Have you ever wondered why most companies do a rebrand every few years, out of the blue, completely unprompted? The design team certainly does not just wake up someday and go, "yeah we should just redesign our identity."
There must be a reason to it, because humans by nature don't like change. Unless it's good.

Why we usually agree on Good Design
Good design is simple. It's elegant, and most importantly, it's relevant. Take a look at Chrome's early design and what we have now. It's a drastic change in the span of a decade. But if we were living in a timeline where Chrome's logo stayed at its 2008 variant, people will not be happy.

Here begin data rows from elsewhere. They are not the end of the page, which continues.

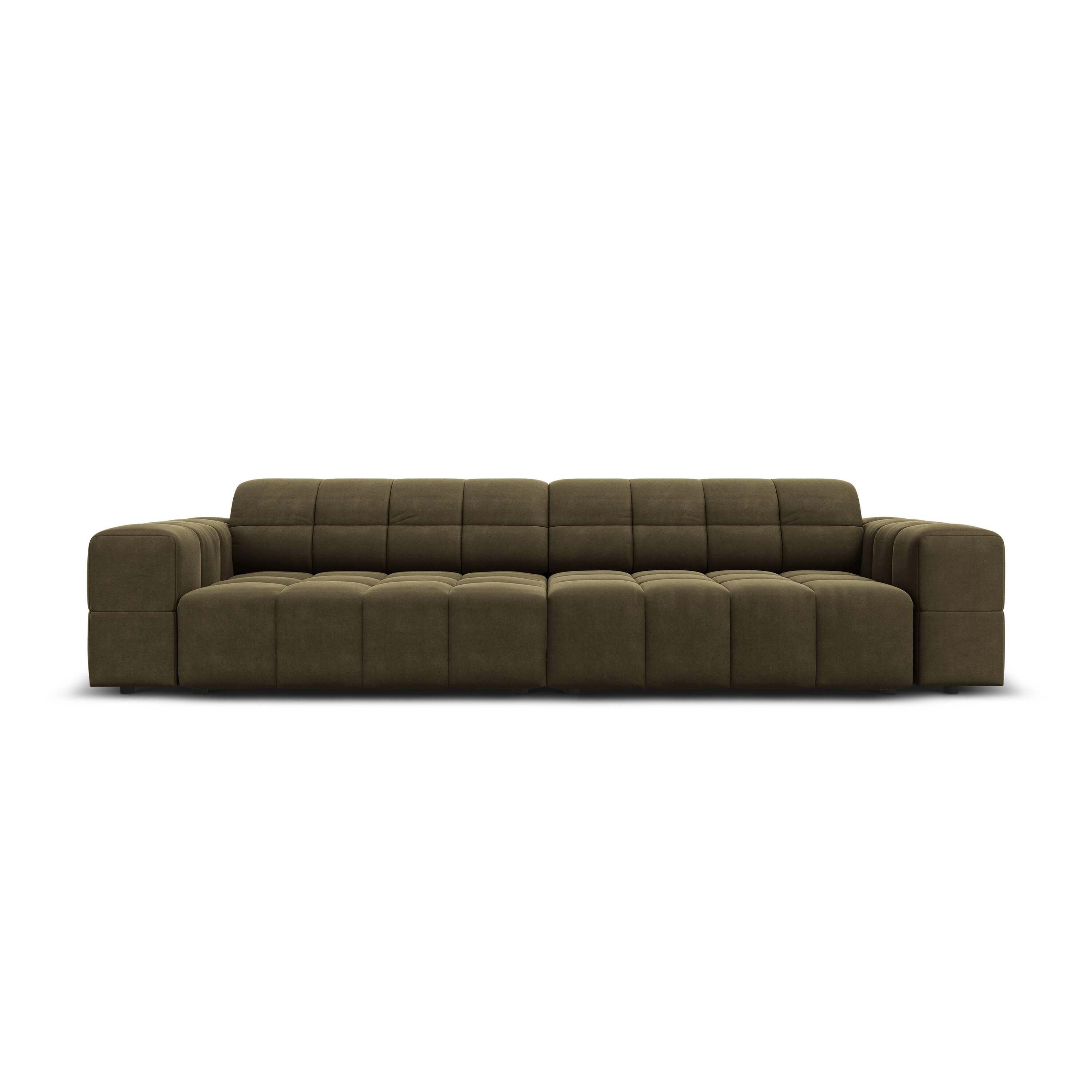 Cosmopolitan Design Chicago 4-zitsbank - Velvet - Olijfgroen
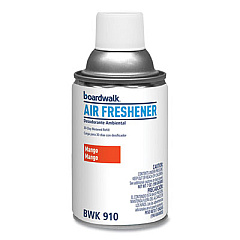 Boardwalk Metered Air Freshener Refill, Mango, 5.3 oz Aerosol Spray, 12/Carton (BWK910)
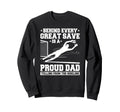 Behind Every Great Save Is Dad Soccer Sweatshirt - Streetwear Style Unisex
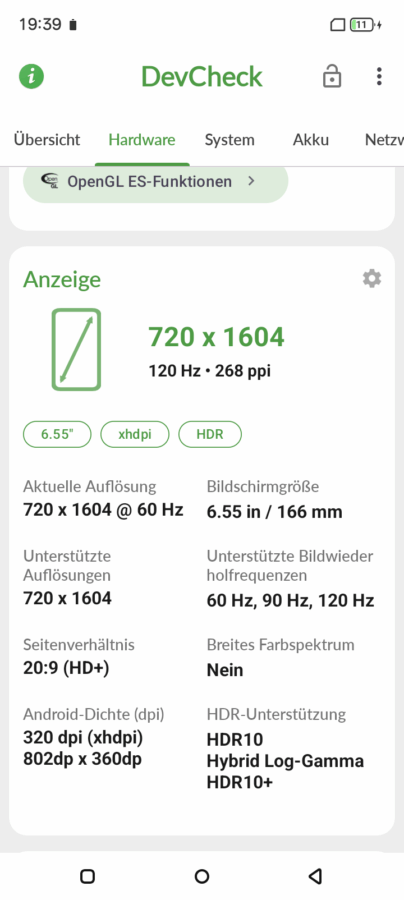 Blackview Oscal Pilot 5 Display 1 Blackview Oscal Pilot 5 Display 1
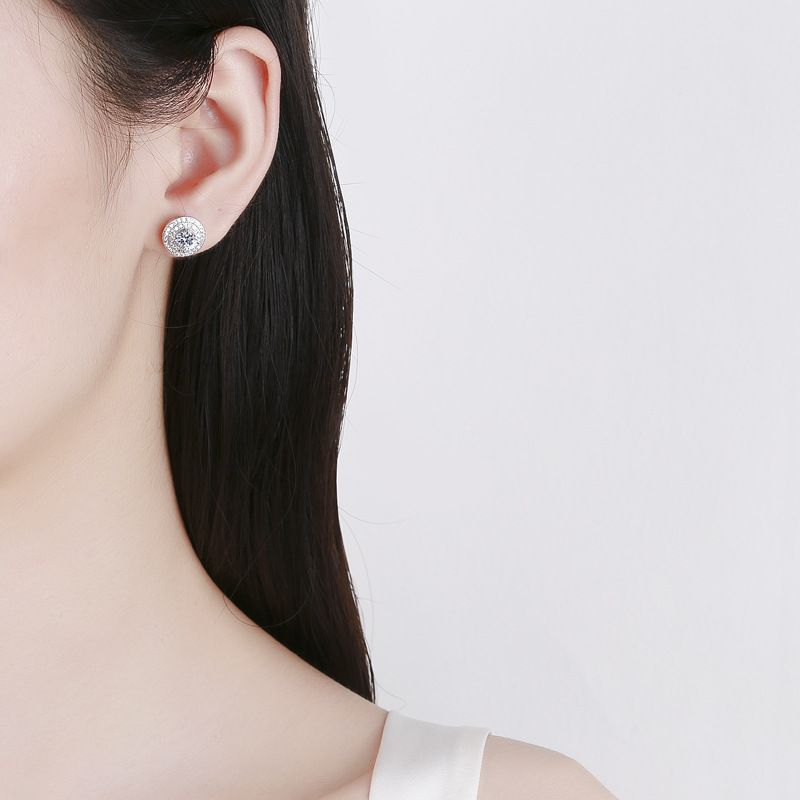Tancise Moissanite Orecchini in argento Orecchini pendenti per donne Regali per feste di matrimonio_voghion.com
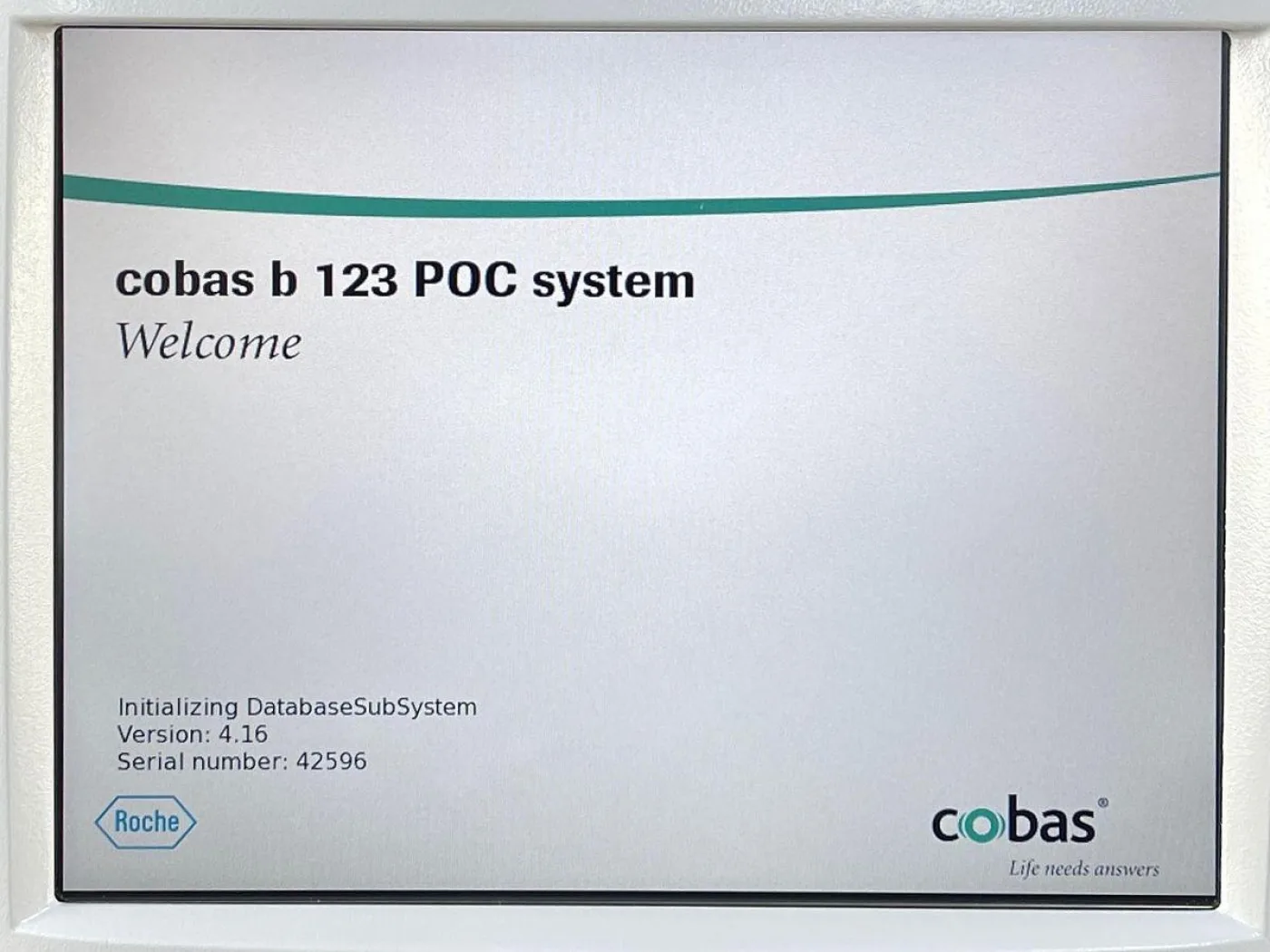 Roche Cobas b 123 (4) POC system YOM: 2020 - 5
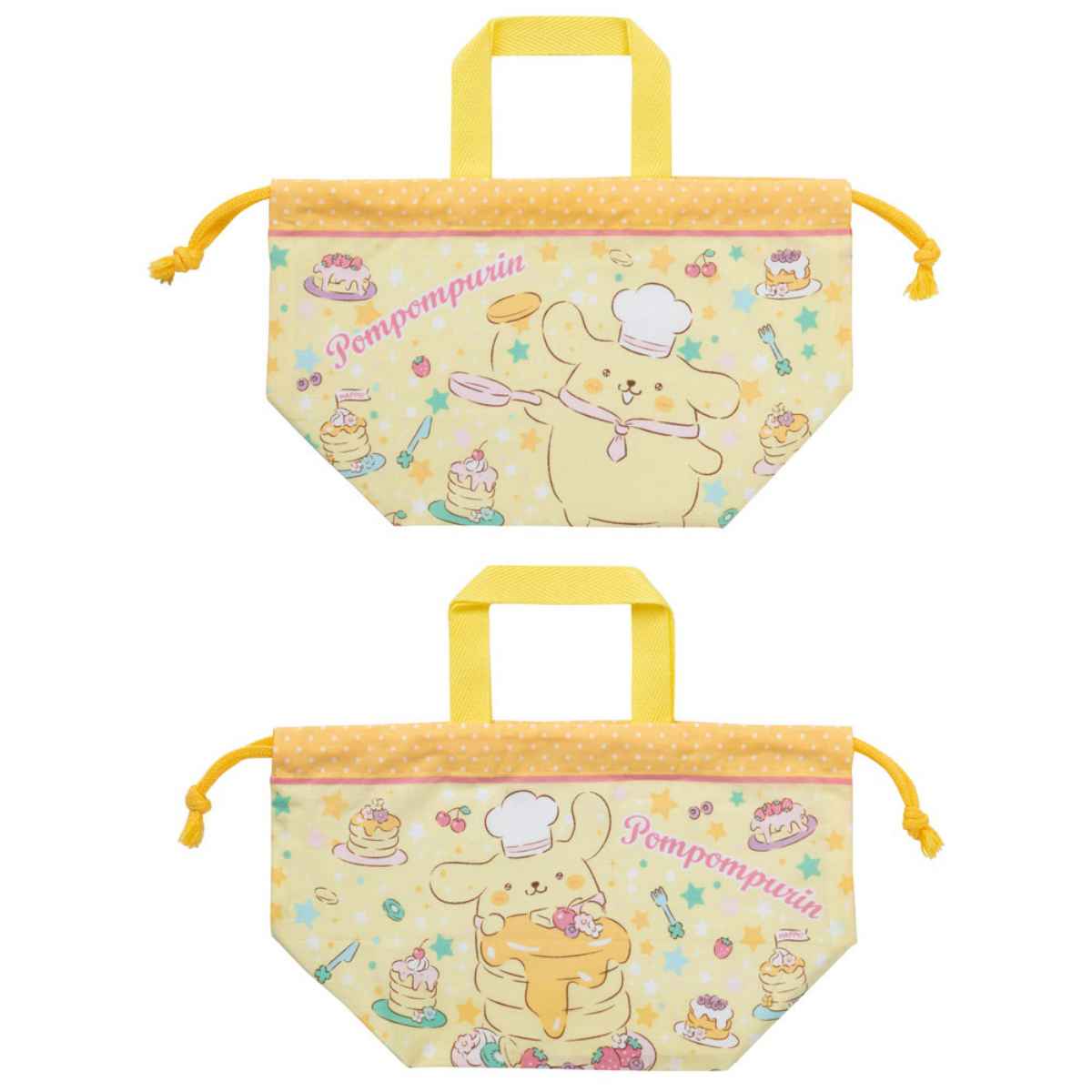 スケーター 弁当袋 巾着 ポムポムプリン キラキラショップ （ お弁当袋 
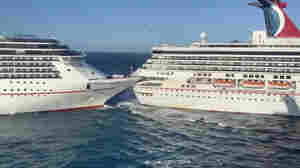 WATCH: Carnival Cruises Collide In Attempt To Dock Off Mexico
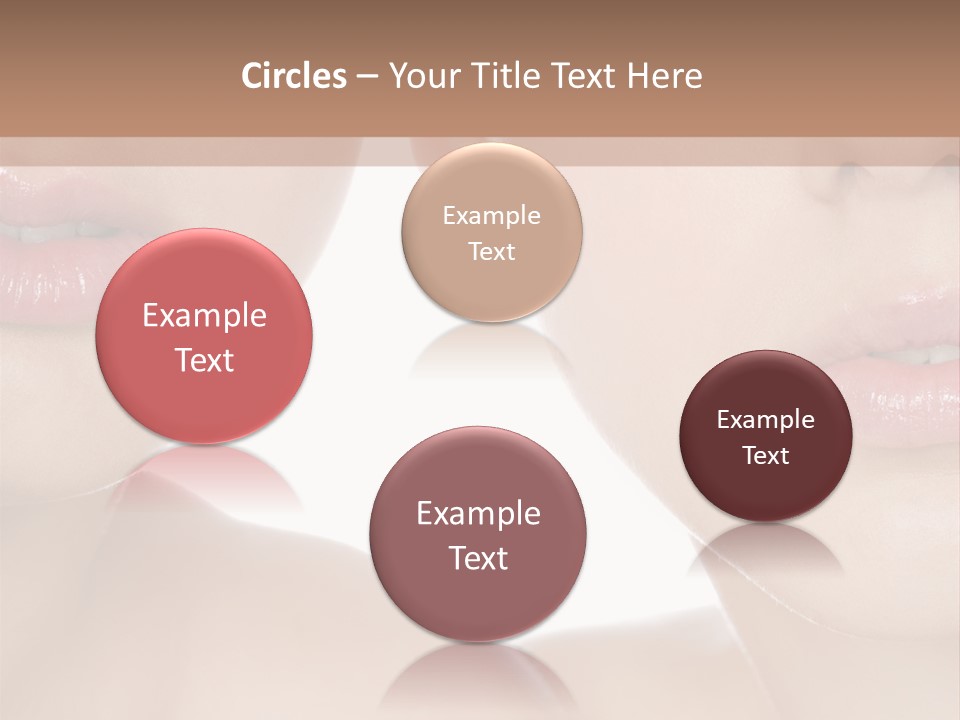 Pure Togetherness Close Up PowerPoint Template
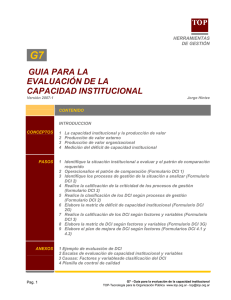 g7. guia para la evaluación de la capacidad institucional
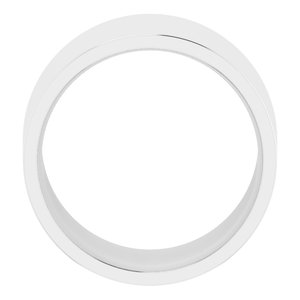 18K Yellow Or White Or Rose Gold Lightweight Comfort-Fit Flat Band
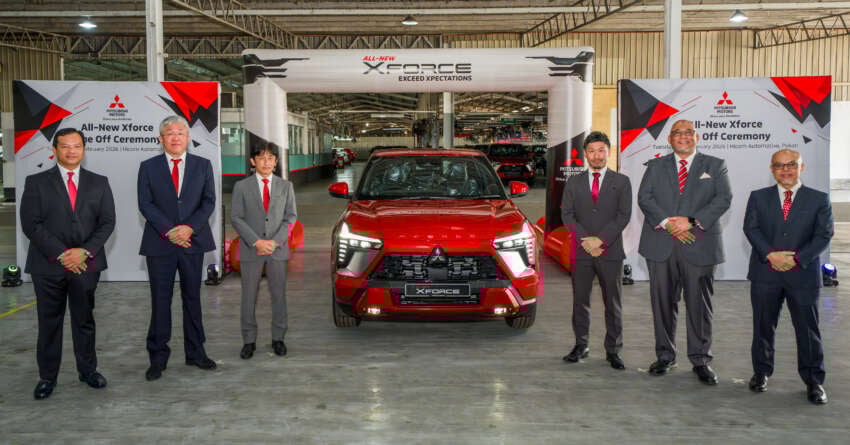 First Mitsubishi Xforce rolls off Pekan assembly line – bookings to open this week for 1.5L B-segment SUV 2035459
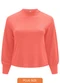 Lunender Mais Mulher - Blusa em Malha Texturizada  Verde - variação: Laranja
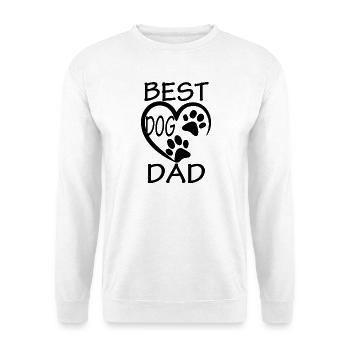 Dog dog - Unisex Pullover - Weiß - Vorne - Alina (178cm) & Michal (187cm)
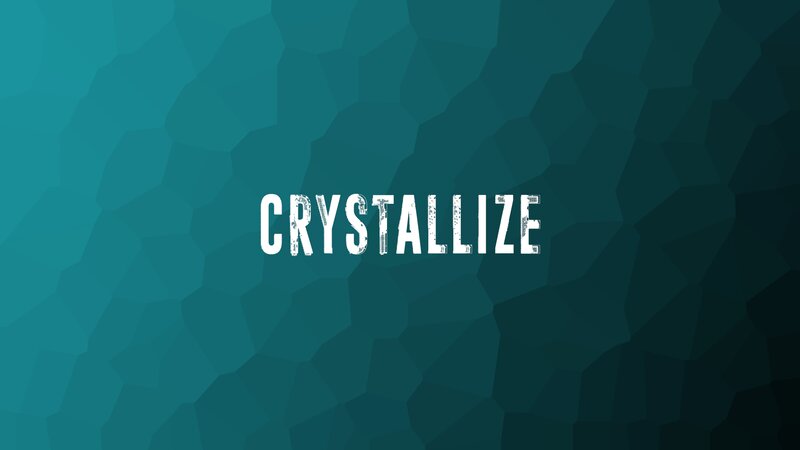 Text on Geometric Background — Teal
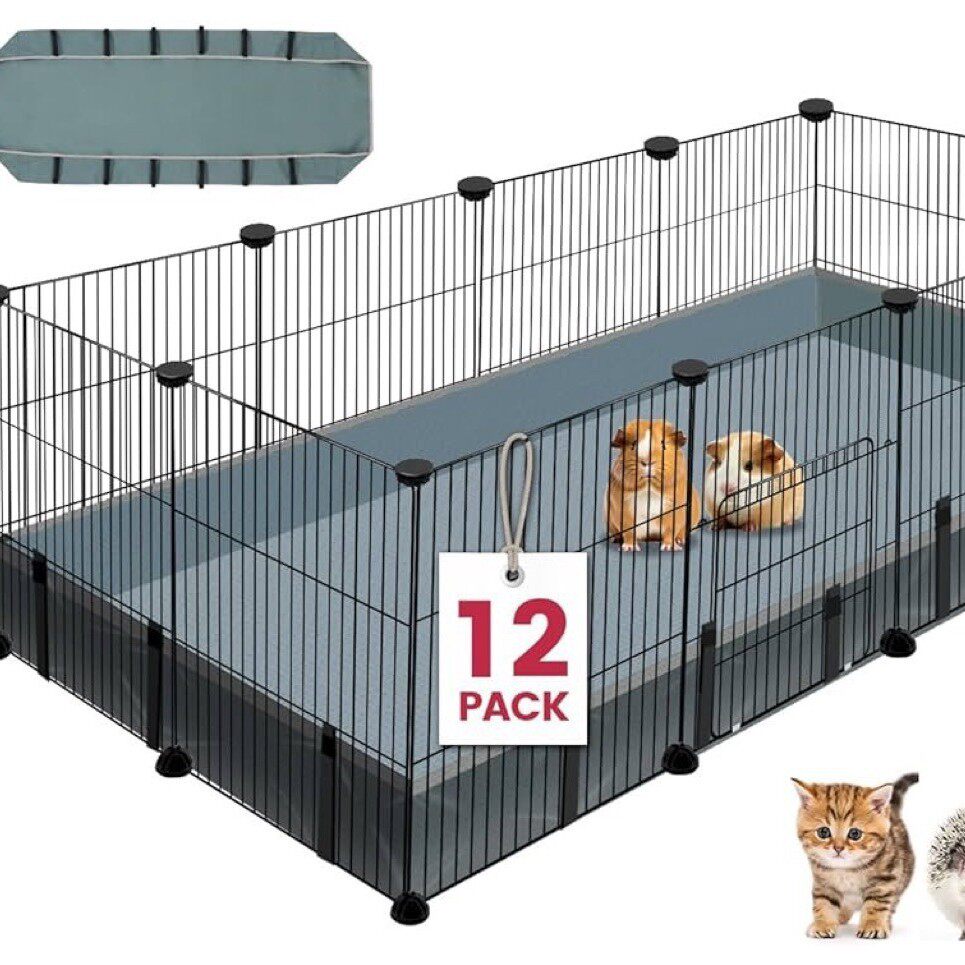 宠物围栏猫狗仓鼠笼子室内中小型犬栅栏隔离门狗窝小动物防护栏自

The old Chrome logo was bold, shiny, full of 3D effects and metallic glow that screamed "cutting-edge tech" in the era of skeuomorphism. But as design trends shifted toward simpler, minimalist interfaces (think Material Design), that glossy look starts to feel dated. This is why most apps, companies and even plain designs shift to those trends. Because you usually don't want to be the odd one out.
We accept (and even celebrate) those changes because good design evolves with us. It mirrors cultural shifts, technological advancements, and our changing tastes.
Or, in more american terms:

Judging covers
The phrase "don't judge a book by its cover" is great advice. Until it isn't. Our brains are wired for quick visual judgements, and that's okay, because usually our brains are right. Humans form first impressions in milliseconds. In a world full of choices, we rely on heuristics to decide what's actually worth our attention. Color, symmetry, simplicity, and relevance. Good design just taps into this by feeling intuitive and easy on the eyes.
Bad design on the other hand creates friction. Cluttered layouts, mismatched fonts, or outdated styles make us subconsciously think, "This feels cheap." Even if it really isn't.
That's why a beautifully typeset, (literal) book cover makes us assume the story inside is worth reading.
Design is everywhere
Whatever you're doing in life, you most certainly make design choices everyday. If you're a writer, fonts, spacing and page design matters. If you're a developer, clean code matters, UI matters, those promote good Developer Experience, and User Experience. And if you're the guy behind IKEA, whatever you're doing is probably good.
The point: design isn't a separate skill; it's how we organize intention. And it's easier to start than you think. Put your thoughts on screen (or paper, or canvas), iterate, and refine. But most importantly, ask yourself: How does it look to you? If you like it, good chance is, everyone else will.
We judge covers because good design isn't superficial - it's a shortcut to trust, efficiency, and pleasure. Whether logos, books, UIs, or code, clean symmetry wins because our brains are built to love it.